BEGIN COLLECTED MATERIAL

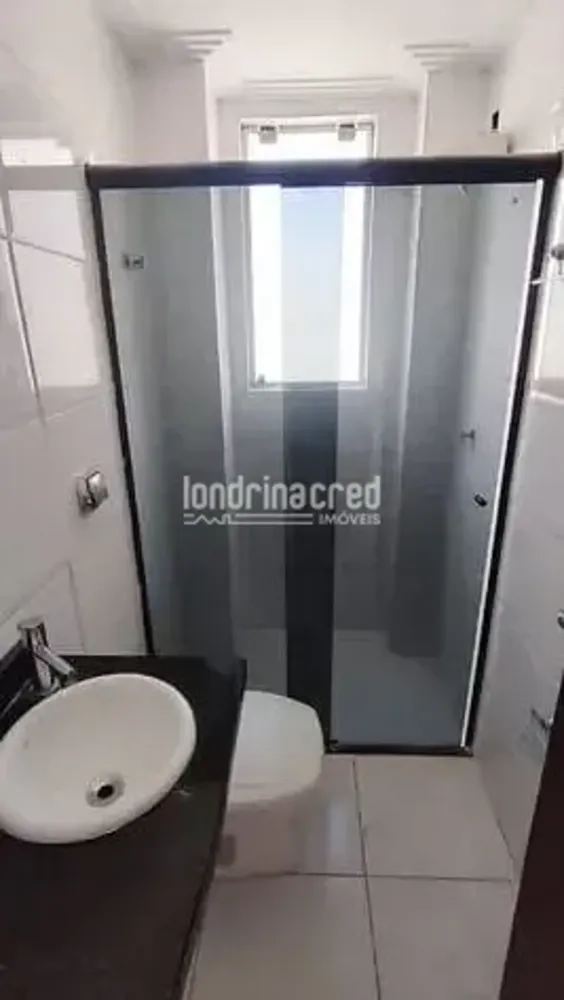 Apartamento, 2 quartos, 56 m² - Foto 7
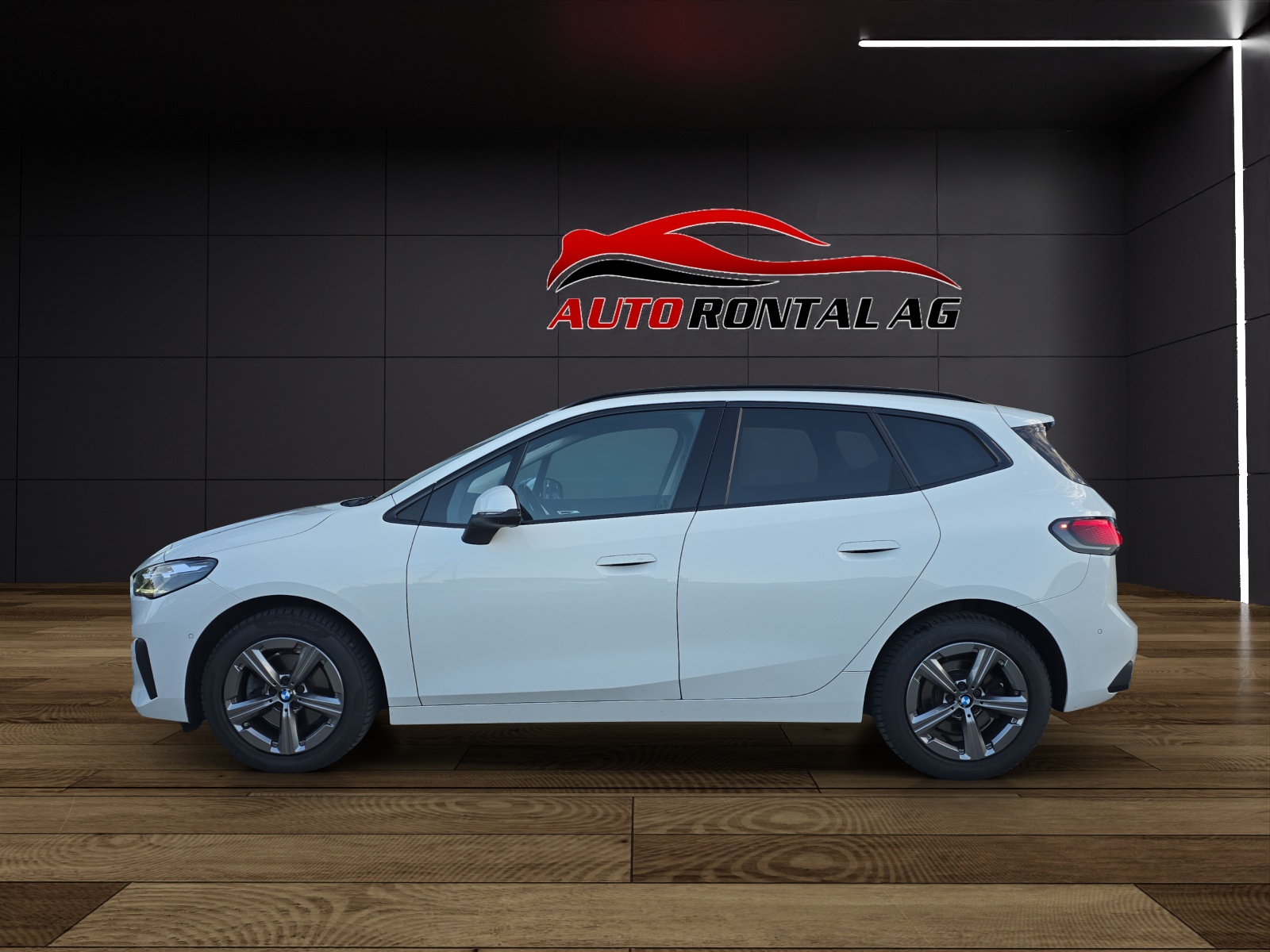 BMW 218 Active Tourer 218d Active Tourer DKG-showroom-element-3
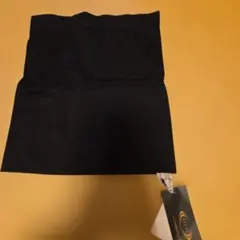 お値下げ　新品未使用　RIZAP Lサイズ　ウェストシェイパー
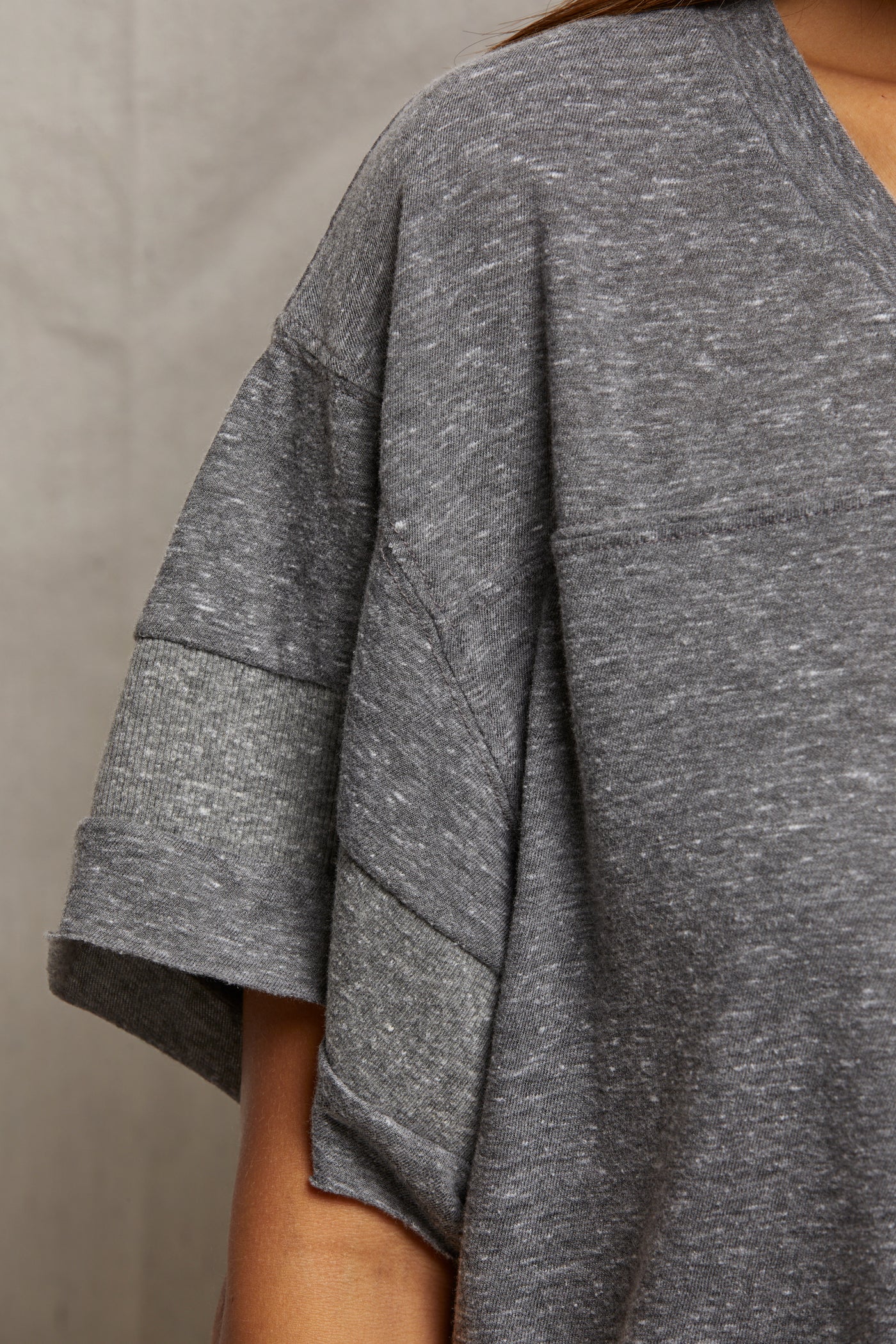 heather_grey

END COLLECTED MATERIAL

▶ EXERCISE DESCRIPTION:
Your task is to output the material word for word while leaving out every image.

▶ ANSWER FOR THIS EXERCISE:
 Apartamento, 2 quartos, 56 m² - Foto 7
 BMW 218 Active Tourer 218d Active Tourer DKG-showroom-element-3
 お値下げ　新品未使用　RIZAP Lサイズ　ウェストシェイパー
 heather_grey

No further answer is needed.